-- Given data follows --

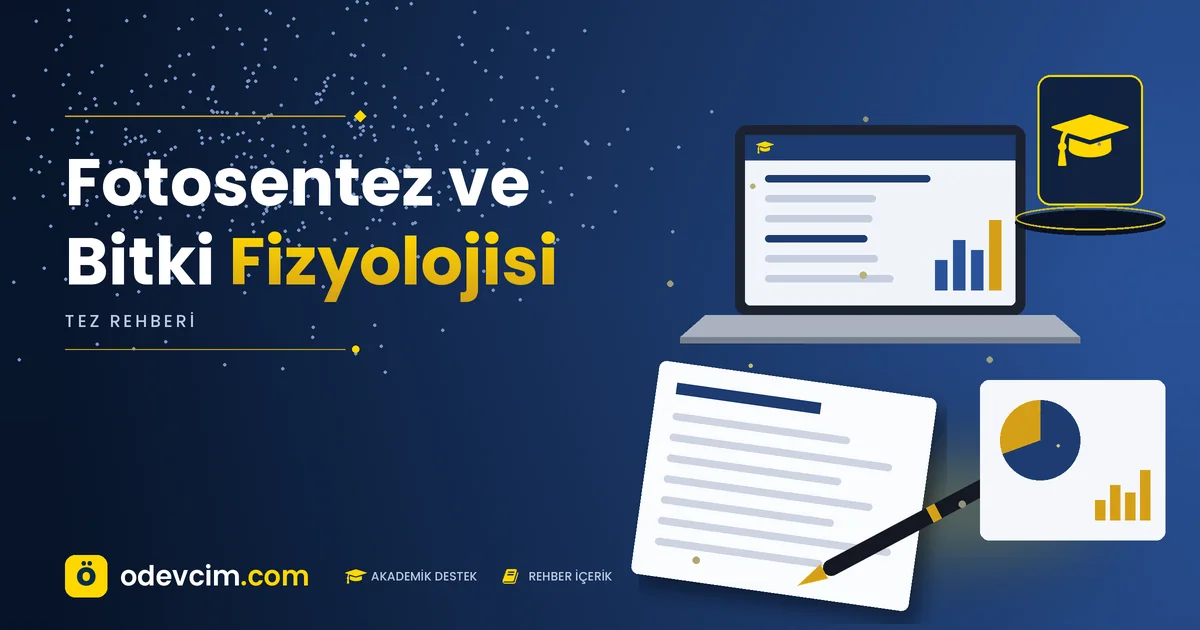 Fotosentez ve Bitki Fizyolojisi – Ödevcim kapak görseli, kep simgeli akademik belge illüstrasyonu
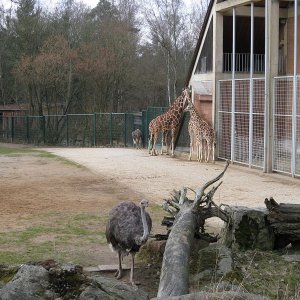 k IMG 9048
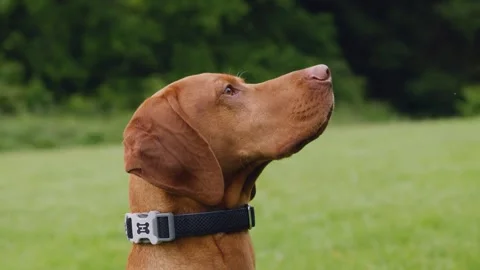 Brown Dog Close Up 動画素材 284746114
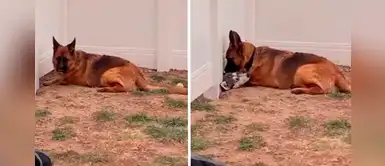 Pastor alemán hace un hoyo para reencontrarse con su “amada vecina” en plena cuarentena Pastor alemán hace un hoyo para reencontrarse con su “amada vecina” en plena cuarentena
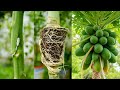 🌿How to propagate papaya tree by air layering! A great method of propagating papaya tree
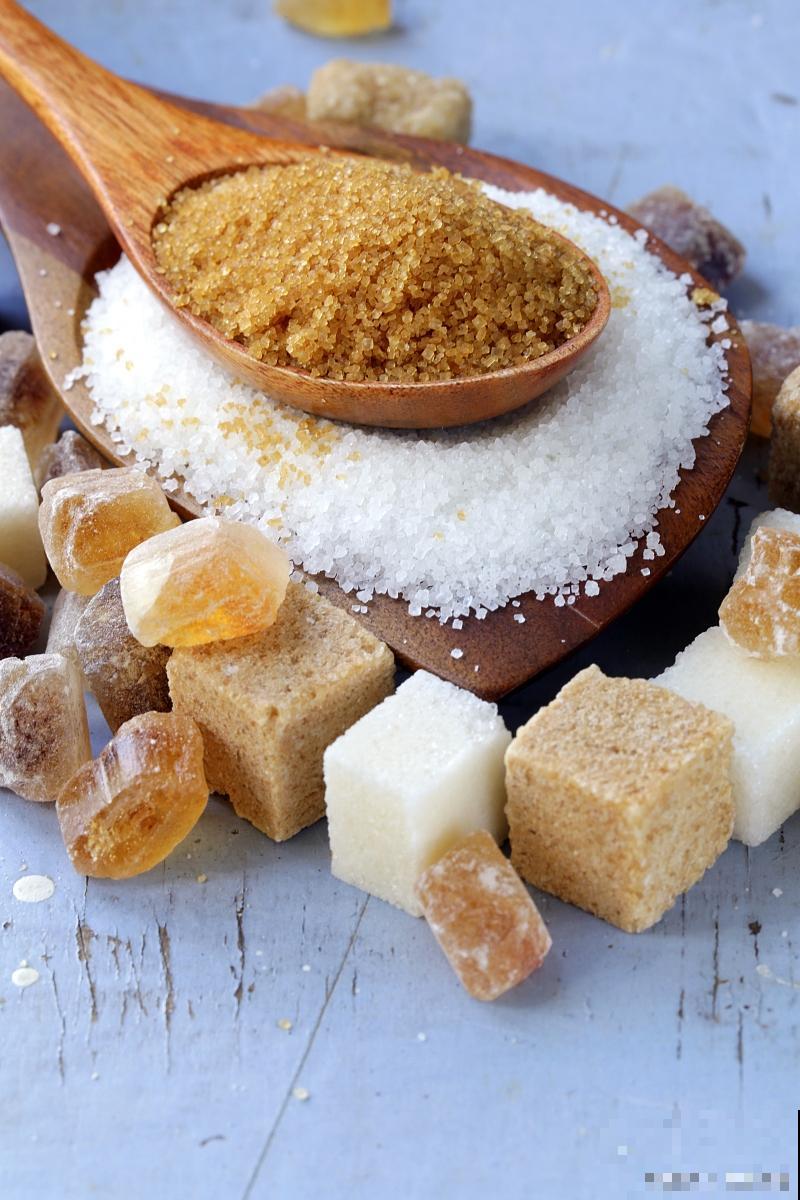 棕榈植物有哪些？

-- Given data concluded --

What is expected:
Could you copy, exactly and with no pictures, each line from the first one above to the line holding "plena cuarentena Pastor"?

Exercise output:
 Fotosentez ve Bitki Fizyolojisi – Ödevcim kapak görseli, kep simgeli akademik belge illüstrasyonu
 k IMG 9048
 Brown Dog Close Up 動画素材 284746114
 Pastor alemán hace un hoyo para reencontrarse con su “amada vecina” en plena cuarentena Pastor alemán hace un hoyo para reencontrarse con su “amada vecina” en plena cuarentena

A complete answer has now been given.